What is financial freedom?
Ask a room of people to define financial freedom, and you’re likely to get a dozen different answers. “Money means a million different things to a million different people,” says Matt Higa, a financial representative with Northwestern Mutual who lives in the San Francisco area but serves clients nationwide.
For some, financial freedom means being able to pay the bills with money left over each month or having a fully funded emergency account. Others may want to retire early and travel extensively. Regardless of how you define financial freedom, the following 10 steps will help you achieve your vision for the future.
Commit to living within your means.
The path to financial freedom begins with a step many people overlook. “First, it starts with mindset,” says Nev Harris, a financial expert who works with agency owners, small business owners and freelancers. “Now that’s normally not something people want to hear, but it’s an absolutely critical foundational piece to achieving financial freedom.”

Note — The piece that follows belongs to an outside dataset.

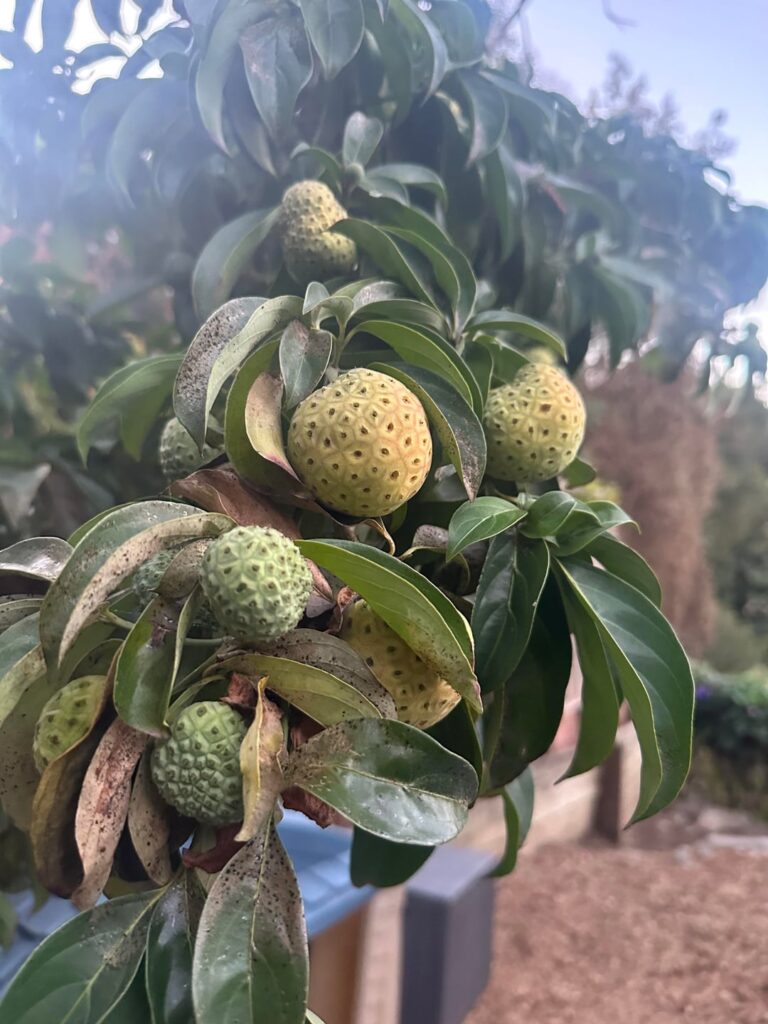 What is this?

People need to analyze their beliefs about money and examine their relationship with it. Rather than assuming wealth is something attainable only by those with high incomes, recognize that even middle class families can move from living paycheck to paycheck to a financially comfortable lifestyle so long as they spend less than they earn.

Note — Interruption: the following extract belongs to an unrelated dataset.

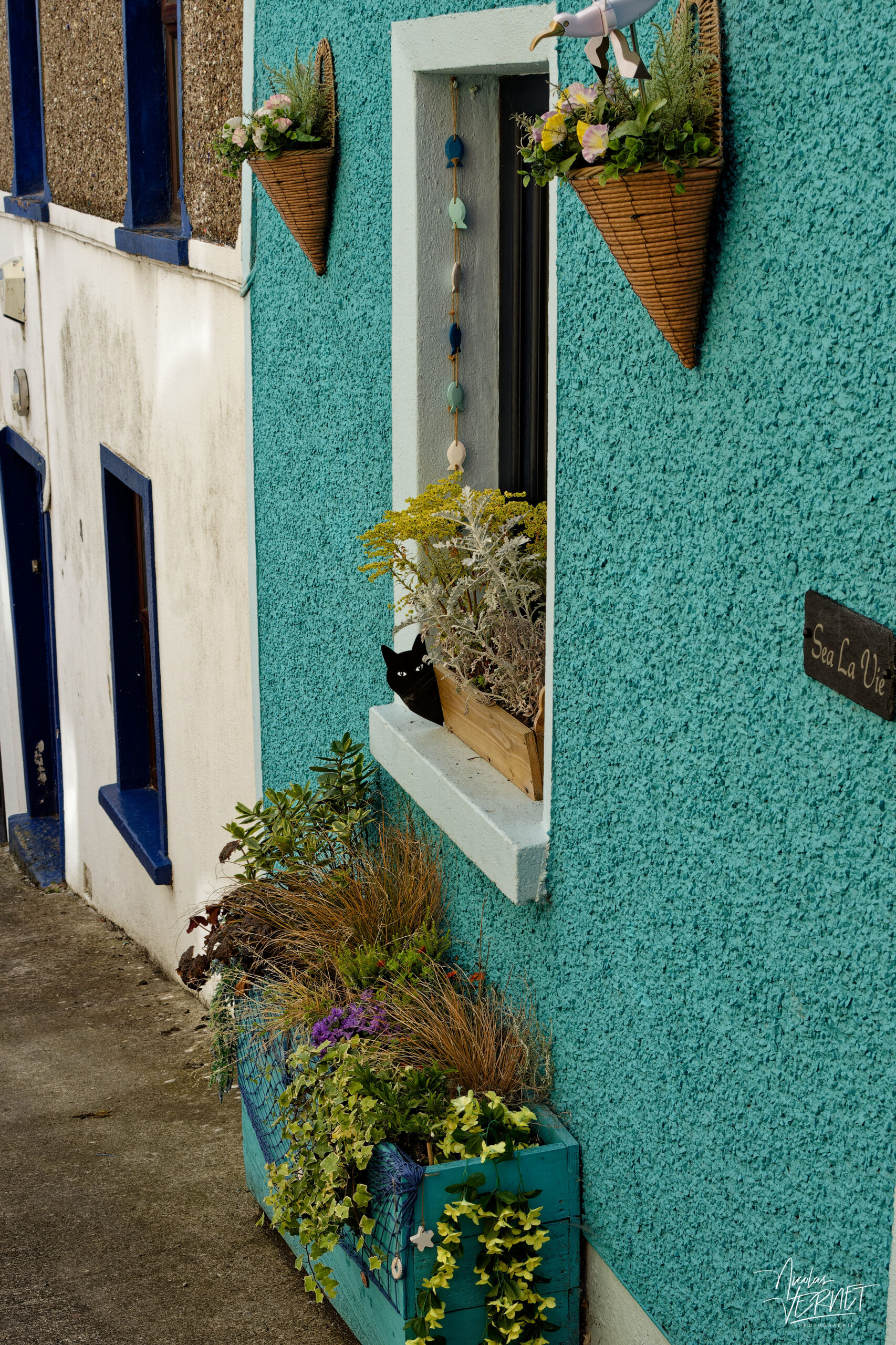 Maisons "Deck of Cards", Cobh, Co. Cork, Irlande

Consider using a financial advisor.
Not everyone needs a financial advisor. For instance, if you’re just starting out in life and don’t have any savings or investments, an advisor may be limited in the type of assistance they can provide. However, for everyone else, an advisor can help you make smart money decisions that will advance your financial goals.
“There’s a reason professionals exist,” says Andrew Rosen, partner and lifelong advisor at Diversified Lifelong Advisors in Wilmington, Delaware. They have both experience and expertise that other individuals may not. What’s more, they aren’t emotionally invested in your money, which means their advice should be neutral and objective.
Find a financial advisor here.
Open the right accounts.
There is no one single account that is right for all your money. Cash for retirement should be placed in a tax-favored 401(k) or IRA account while college savings are usually best kept in a 529 plan. Meanwhile, you’ll want your emergency fund separate from your other savings to avoid dipping into it unnecessarily.
When selecting accounts, keep risk mitigation in mind. “That’s usually where people get tripped up the most,” Higa says. They place all their retirement money in a 401(k) account without considering whether a portion should go into other savings vehicles such as a Roth IRA or permanent life insurance policy. Another mistake is putting emergency savings in a bank account that earns minimal interest rather than using another option such as a high-yield savings account. Higa also recommends people consider buying disability insurance to supplement workplace benefits which may not begin paying for months and, even then, only replace a portion of a worker’s income.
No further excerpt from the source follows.